IVカーブと直列抵抗についての話の続きです。もう少し技術論にお付き合いください。
前回に加えて伝えておきたかったことは、モジュールの直列抵抗とストリングやアレイでの直列抵抗の関係、そしてシステムでの直列抵抗の推定の方法です。
まず復習です。
太陽光発電ではモジュール(パネルのこと)でもストリングでもアレイでも、直列抵抗はVoc点での抵抗でほぼ決まり、それはVoc点でのIVカーブの電圧変化分を電流変化分で割って求められます。この抵抗値はVoc点の接線の傾きに相当しています。従って、モジュールの直列抵抗は、そのモジュールのIVカーブを手に入れることができれば、算出することができます。
さて、
太陽電池(この場合、太陽電池モジュールとお考えください)自体の直列抵抗はその電池固有の抵抗といっても良いでしょう。(半導体特性は含まれていないため)

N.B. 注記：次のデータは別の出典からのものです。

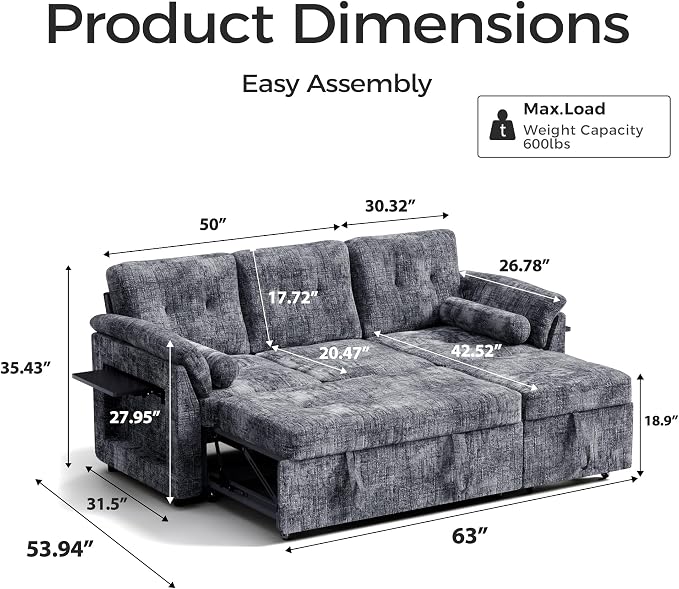 Convertible Sleeper Sofa Bed, 63 Inch Chenille Pull Out Couch - Image 2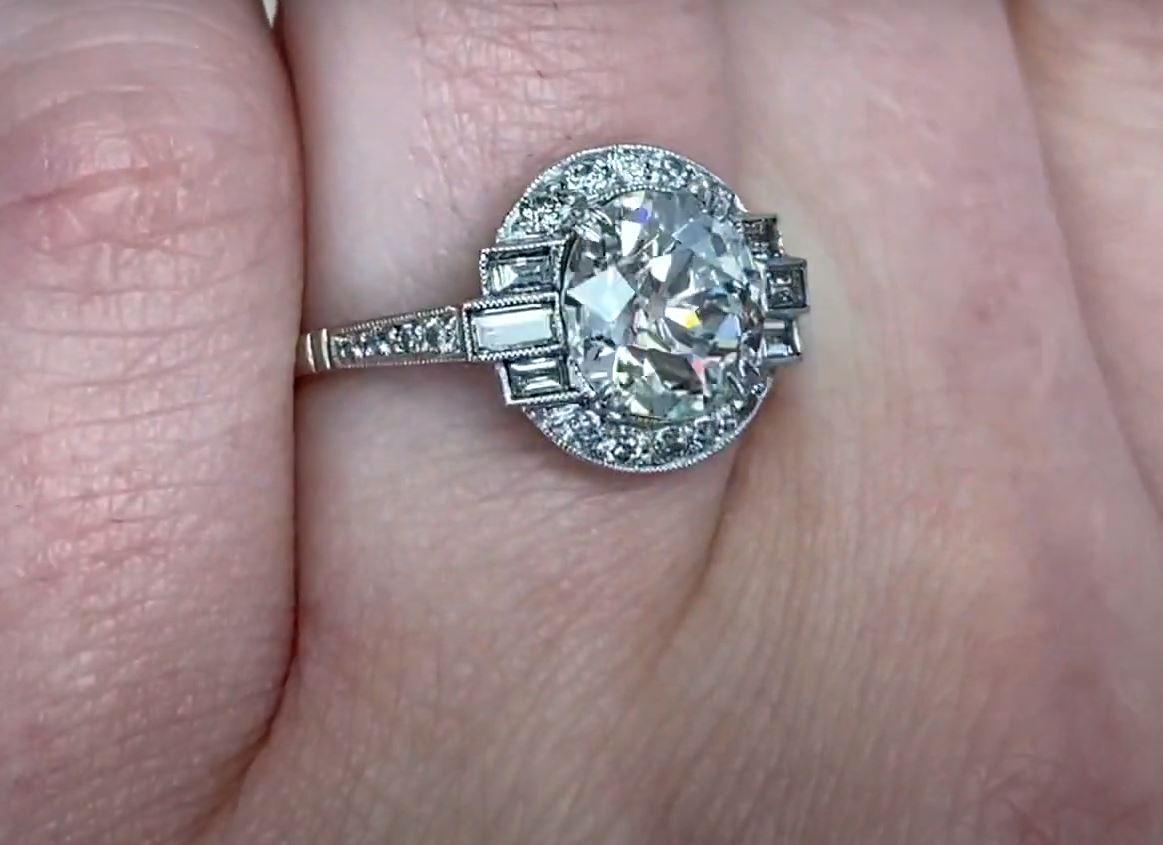 2.01 Old Euro-Cut Diamond Engagement Ring, Diamond Halo, Platinum In Excellent Condition In New York, NY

ストリングはモジュールをいくつも直列につないだもの、アレイは更にストリングをいくつか並列につないだものです。これらの直列抵抗は太陽電池モジュールの直列抵抗と配線などの抵抗を合わせたものになります。
今回の測定はストリング毎が対象ですが、アレイの構成とストリングや測定点の関係を表すと下図のようになります。
(すみません、どうも図のアップロードがうまくいかず見にくくなっています)
測定対象は太陽電池モジュールを7つ直列につないだものなので、太陽電池モジュールの抵抗は7倍の値となります。これに配線抵抗などを加えたものがストリング全体の抵抗値となります。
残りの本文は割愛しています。